NORTH CREEK - A crowd gathered at Ski Bowl Park in North Creek as a ribbon was cut to mark the opening of the Hudson chairlift and introduced the completed interconnect between Gore Mountain and the historic Ski Bowl last Saturday, Jan. 26.
The redeveloped terrain on Little Gore Mountain, which now features snowmaking and trails for all ability levels, is now open for skiers and snowboarders, which provides access to the rest of Gore Mountain's multi-peak trail system.
Local and state officials gathered to commemorate the historic significance of the connection between Gore, the Ski Bowl and village of North Creek.
"This is where skiing began in the Adirondacks," said Sen. Elizabeth Little, R-Queensbury. "This is an incredible moment on an incredible day."
The new trails follow the profile of the same terrain North Creek's earliest skiers traveled. The Hudson chair lifeline was once home to a 1946 t-bar.
When Little asked the surrounding crowd to raise a hand if they had skied the original Little Gore, the majority of hands shot into the air.
"This is a historic preservation project," said ORDA chairman Joe Martens. "The Town of Johnsburg pushed very hard for this project and made clear just how important this was to the town."
Little also praised the interconnect as a means to support the economic development of the village of North Creek.
"What this will do for the hamlet of North Creek will involve them in the whole ski experience," she said. "We will be a destination.

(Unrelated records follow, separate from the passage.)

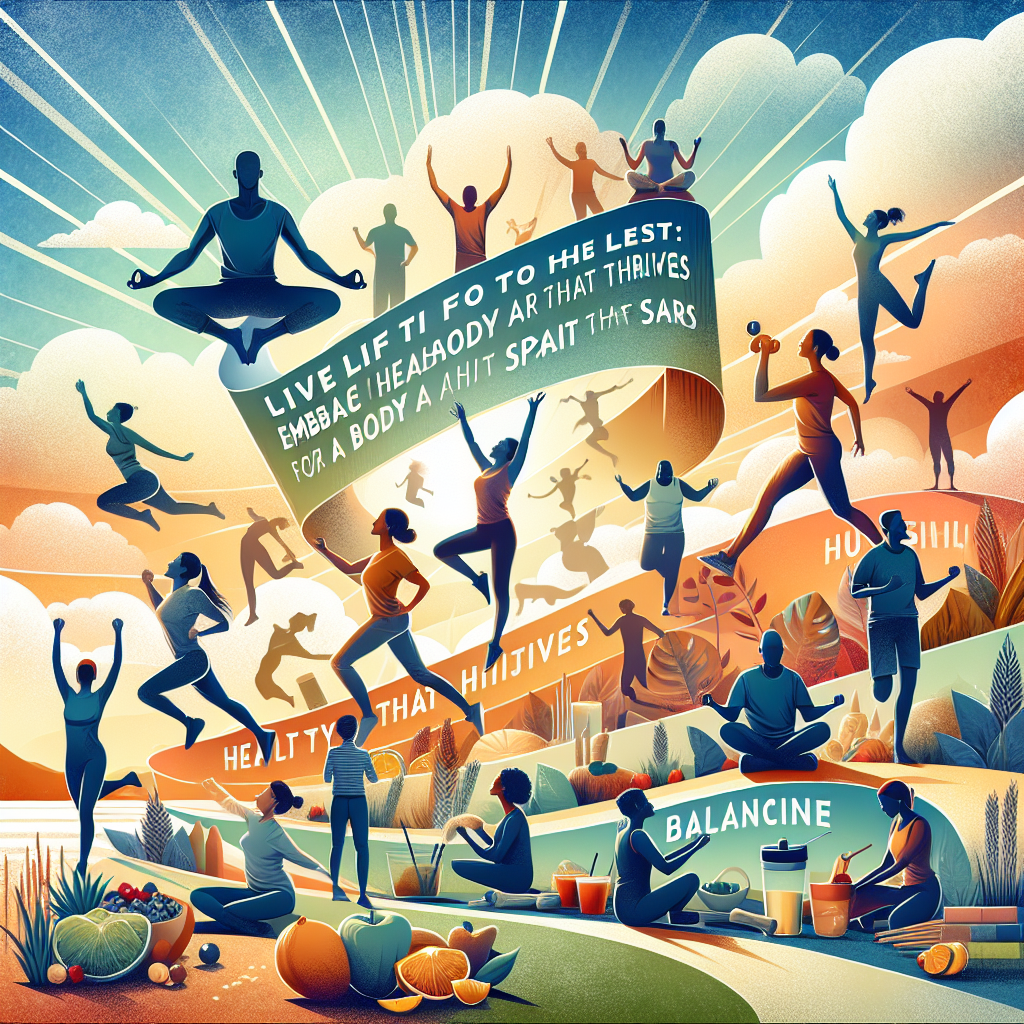 Live Life to the Fullest: Embrace Healthy Habits for a Body That Thrives and a Spirit that Soars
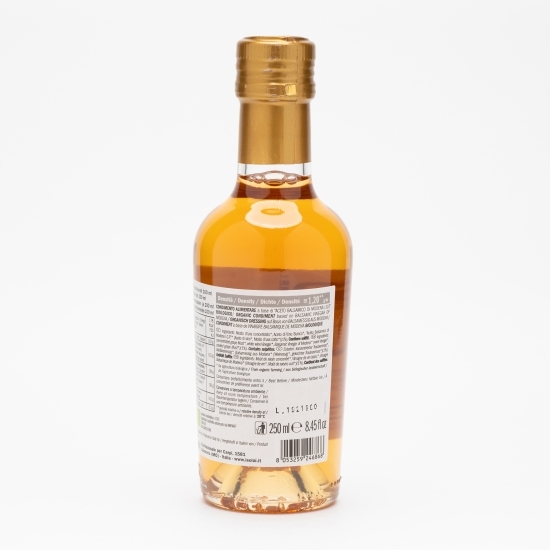 Condiment balsamic alb vâscos de Modena eco, densitate ≈ 1.20, 0.25l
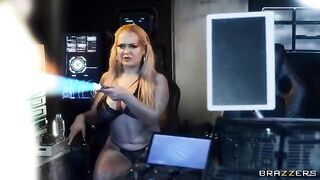 Bunch of pornstars having space sex in the name of all humanity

It goes to show that persistence pays off."
As Emily Stanton, Gore Mountain marketing director, welcomed the many skiers and riders who waited to be the first to try the new lift she commended the Hudson chairlift as, "the starting point of an elevation of 3600 feet and a new starting point for the region."
"It is the people of Gore that make this special," she said. "I wish I had a bottle of champagne right now."
Skiers and snowboarders can now park at the Ski Bowl and have access to all of Gore Mountain. The connection brings Gore the title of being the sixth largest ski resort in the east and is a result of years of planning, beginning with the formative ideas of past Johnsburg supervisor Bill Thomas.
Current supervisor, Sterling Goodspeed, remembers when people didn't know there was a village at the base of Gore Mountain.
"The world just found our village at the base of the mountain," he said.